Его сочувствие и осторожные прикосновения оказались последней каплей — слезы на удивление легко хлынули из моих глаз, смешались с грубыми шматками небесной слякоти. Погода позволяла не прятаться от случайных прохожих.
— Нажремся, — ответил я, беря себя в руки.
— Бывало и хуже, мы ведь прорвемся? — этот гад решил меня добить…
* * *
Я ввалился в придорожный бар в десять утра как был, в тапках и пижаме, мокрый и продрогший, с орнитоидом на плече. Грузно вскарабкался на стул-насест, оперся локтями о стойку и нетерпеливо воздел дрожащую холодом ладонь.
Седой как лунь бармен-синтетик с жидкой косичкой мигом возник передо мной: полотенце, перчатки, маска с рисунком свиного пятачка, а над ней — почти человеческие глаза в круглых дизайнерских очках без стекол.
— Двойную мандариновую водку, яичницу с беконом.
— Ща будет. Клевый орнитоид, — его улыбчивый баритон звучал мягко, манеры располагали к беседе.
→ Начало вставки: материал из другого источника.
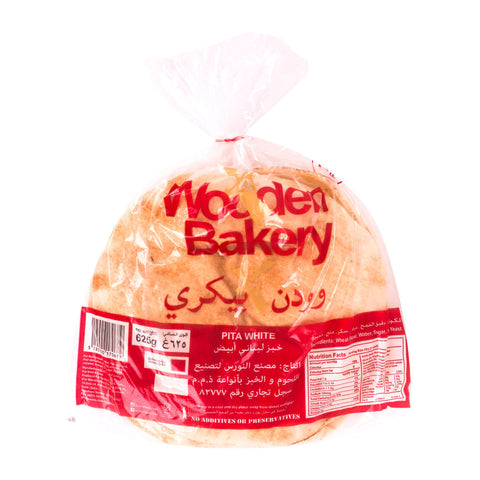 Wooden Bakery Arabic Pita White Medium 625g - GETIT.QA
— Достался в наследство, — соврал я.
— Обалдеть. Я таких не видел. Говорящий?
— Когда выпьет.
Бармен развернулся, погладил жирного короткошерстного кота, дрыхнущего на полке среди полупустых бутылок, налил, беззвучно поставил на зеркальную поверхность красного кедра, снял с крюка сковородку.
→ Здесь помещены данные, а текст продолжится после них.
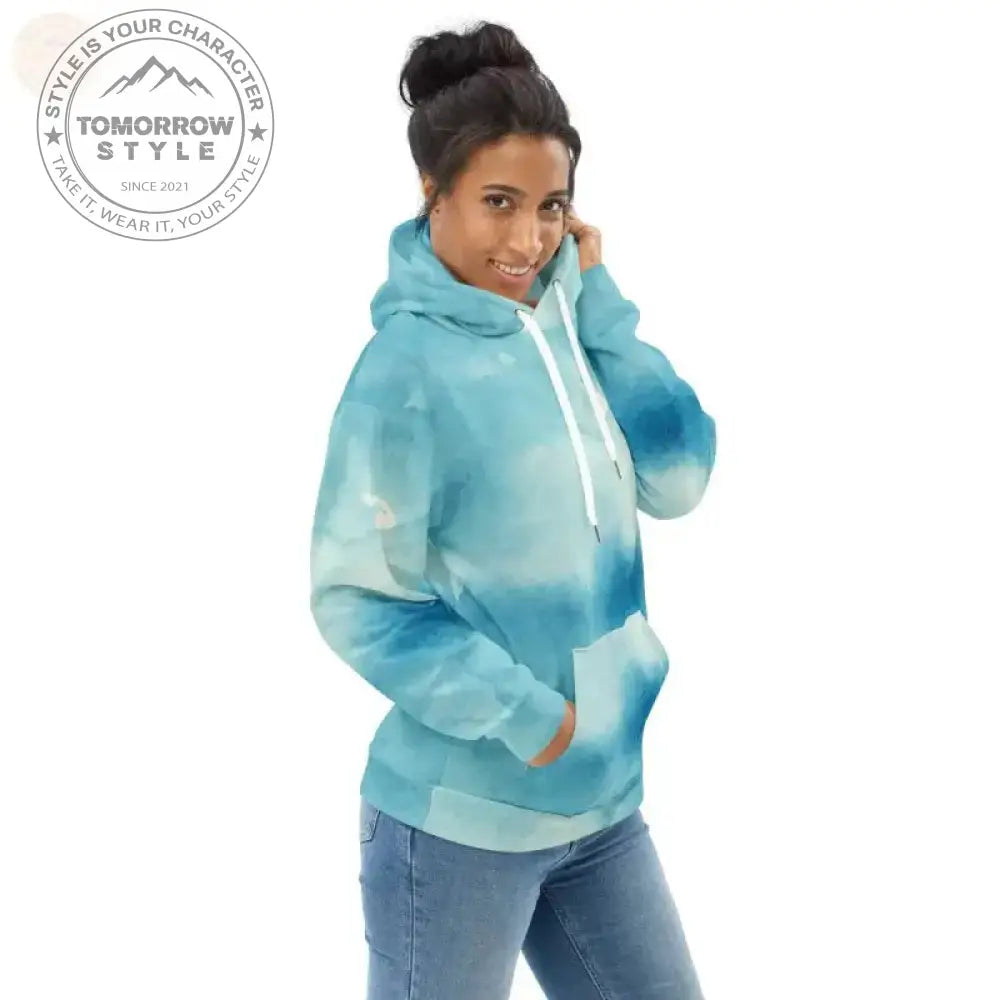 Gemütlicher, schicker Damen - Kapuzenpullover – 9 Unzen Zoll Stoffgewicht - Tomorrow Style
Бокал грел ладонь и отражал брюнетку, что сидела в метре справа с мертвенно-бледным лицом актера Кабуки. Она держала зеркальце и томно водила помадой по губным имплантам. На ее коленях примостилась собачонка с кривыми зубами, челкой и бешено-тупыми глазами навыкате.
Я выпил залпом, кивнул, бармен проворно повторил.
— Как там? — он посмотрел на дверь.
Я оглянулся. Нет, это он мне.
— Снег и ветер, — пожал я плечами.
— Жена? — он бросил взгляд на пижаму.
— Стационар напротив.
— Ох ты… Вирус? Pardon, если лезу не в свои дела.
— Ничего. Вирус, — вновь соврал я.
Брюнетка хищно улыбнулась, откинула конский хвост и скосила глаза в мою сторону. Ее уродливый друг скалился и корчил рожи.
— Это наверно так ужасно — лежать в окружении стальных аппаратов, бездушных шлангов, бесконечно страдать и думать о смерти? — ее высокий голос резал уши.
— У меня была кнопка с запасом морфина, — вздохнул я, с трудом сдерживаясь, поймал вопросительный взгляд бармена и добавил: — Налей даме чего она хочет.
Мне нестерпимо захотелось ее удавить прямо здесь, на глазах у синтетика и ее четвероногого уродца.
— Мужчина, мне то же самое, — брюнетка капризно потрясла гуттаперчевым пальцем в сторону моей водки и добавила: — А вы крутой и добрый.
Синтетик налил, поставил, вернулся к бекону. Я поднял водку к уху, дал пригубить орнитоиду. Тот увлекся, да так, что его пришлось силой отдирать от спиртного.
— Мужчина, как долго вы страдали в этом адском чистилище? — брюнетка посмотрела на меня с любопытством.
— Неделю. Решил свалить перед Новым годом.
— Я тоже как-то лежала в госпитале, — на ее бокале остался морщинистый отпечаток вечерней помады, — я была после операции. Мне было так романтично знакомиться с парнями, когда я не видела их лиц — всё в бинтах — только прорези для глаз как у египетских мумий.
— У египетских мумий не было прорезей для глаз, — сказал бармен.
— Да ты что? — она удивилась, но спорить не стала. — Я думала были. Для меня это было веселое время. Сейчас все не так, как раньше. Теперь в больницах слишком мрачно и так тоскливо! Хотя сейчас везде голимая тоска...
Дама почесала собачонку где-то сбоку. Та неприветливо зарычала, брызгая слюной и злобно косясь на кота.